Thursday, March 25, 2010
5th February, 2003 - After visiting the Yanaka cemetary, we decided that our last visit would be to the Tokyo National Museum to get some culutre - and to walk amongst even more history. The museum is quite large, and any serious exploration would take a good half a day at least. There's a good mix of exhibits crossing art, archeological, military and religious.
You can walk around for hours in here - though from memory there was a limited amount of English explanation... luckily T-chan's translation came in handy. The section on Jomon pottery is particularly stunning. Japan has long been sited as the origin of the oldest pottery in the world (at least the oldest known pottery). The Jomon pottery is around 10,000 years old, and is noted for it's roped patterns. It is strange that Japanese culture, so long surviving on the sea and agriculture had taken so long to develop during this phase of Japanese history.
Almost certainly Japan owes a great deal of it's advancement to the close ties it enjoyed - first with Korea and then with China. Especially from around 550 AD when the influence of Chinese art, learning, government - and most importantly the written language arrived and flourished. It was not until much later (several hundred years in fact) before the Japanese had devised their own written language based on kana (first hiragana then katakana).

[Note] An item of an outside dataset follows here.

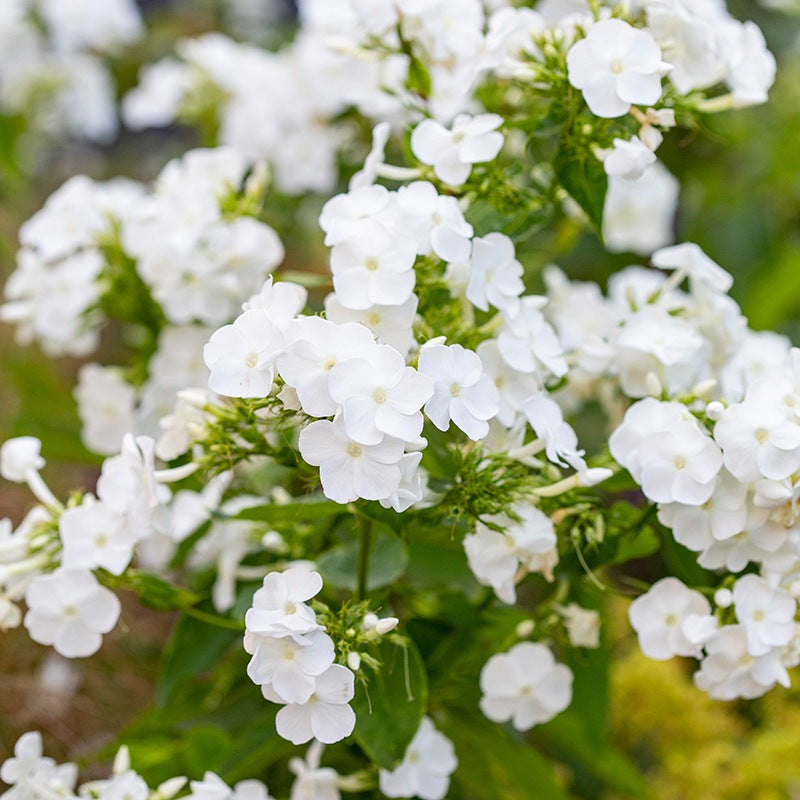 Phlox " David " Exotic 50 Flower Seeds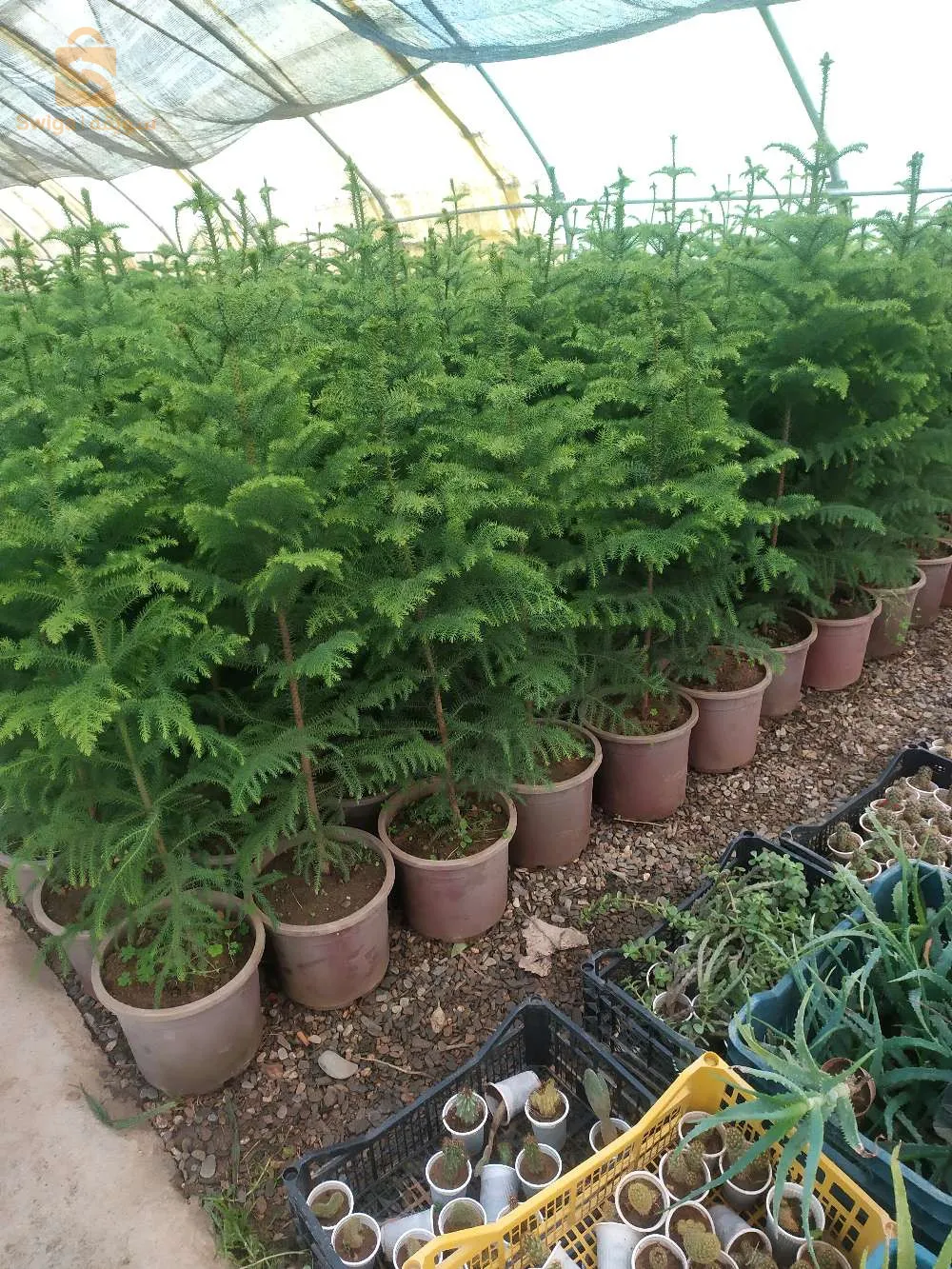 jardinerie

By the Heien period, Japan had of course developed it's own unique form of military science and art - and warrier... the Buhsi or samurai. Indeed much of Japan's history can be derived (directly or indirectly) to two things... war and religion. Is it so different anywhere else?
You won't find too many tributes to Ninja in the Tokyo National Museum (though you can see some shuriken etc), but you will find a great collection of samurai armour and especially swords. Beautiful to look at - but deadly.